Healing and recovery seemed to take longer in the hemiarthroplasty group. Younger patients in both groups had the worst function. And patients in the reverse shoulder group had higher rates of complications (e.g., dislocations, infections, ongoing pain, loosening of the socket).

Overall, the results support the use of reverse shoulder arthroplasty (over hemiarthroplasty) primarily for older patients with a degenerative shoulder joint and humeral head collapse from a massive rotator cuff tear. In fact, the authors suggest “use of the reverse shoulder arthroplasty should continue to be restricted to elderly patients.”

This information is just a stepping stone for you. Once you have met with your orthopedic surgeon and received his or her recommendations, they you will have a better idea of your options when making the final decision. We hope this additional information will help in the decision-making process.

You may be pleased to know that many “seniors” are taking aging by the horns and redefining it. Perhaps you’ve heard the expression “60 is the new 40” (referring to age in years). Well, if that’s true then 80 is the new 60 and so on. The Baby Boomers (adults born between 1946 and 1964) have also voted to eliminate the word “elderly” from our vocabulary and substitute “older adult” instead.

Whatever we choose to call today’s modern grandparents, it is clear that they are outliving many of their body parts, including and especially joints. Hip, knee, and shoulder joint replacements are on the rise in this age group. And many older adults are outliving their joint replacements!
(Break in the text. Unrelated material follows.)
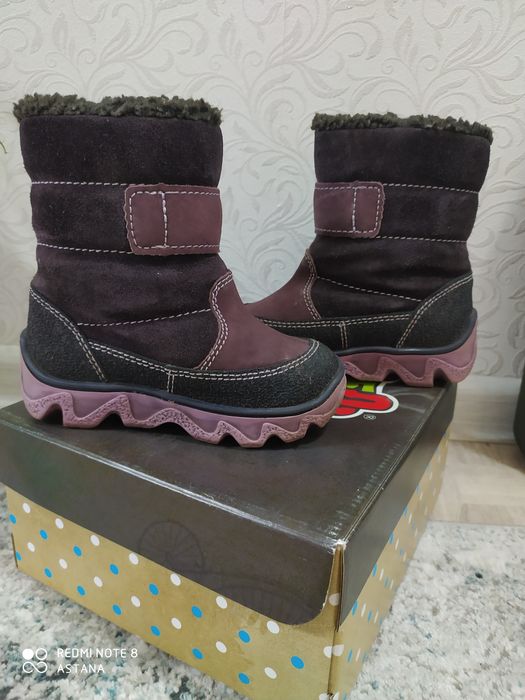 Продам зимние сапожки !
In the case of massive rotator cuff tears leading to severe degenerative changes of the shoulder joint, orthopedic surgeons have teamed up with other researchers, engineers, and component parts manufacturers to rethink the mechanics of the shoulder joint and design an artificial shoulder that works in such cases.

The solution was to reverse the socket and the ball, placing the ball portion of the shoulder where the socket used to be and the socket where the ball or humeral head used to be. This new design led to a much more stable shoulder joint that could function without a rotator cuff. The artificial joint itself provided more stability by creating a deeper socket that prevented the ball from sliding up and down as the shoulder was raised. The large deltoid muscle that covers the shoulder could be used to more effectively lift the arm, providing better function of the shoulder. The final goal is to have a shoulder that functions better, is less painful, and can last for years without loosening.

As with all major operations, complications (including death) are possible. Some studies report that patients receiving reverse shoulder group have higher rates of complications (e.g., dislocations, infections, ongoing pain, loosening of the socket) compared with total shoulder replacement or hemiarthroplasty (only replacing half the joint).

Rsearch results support the use of reverse shoulder arthroplasty primarily for older patients with a degenerative shoulder joint and humeral head collapse from a massive rotator cuff tear. In fact, it has been suggested that the “use of the reverse shoulder arthroplasty should continue to be restricted to elderly patients.”

Regardless of what you call yourself or how you refer to your age group, an orthopedic evaluation is the place to start. There may be simpler nonoperative measures that can be taken to assist you. Or you may be a good candidate for some type of shoulder replacement. For sure, there is no reason for you to suffer debilitating pain and loss of function for the next 20 years!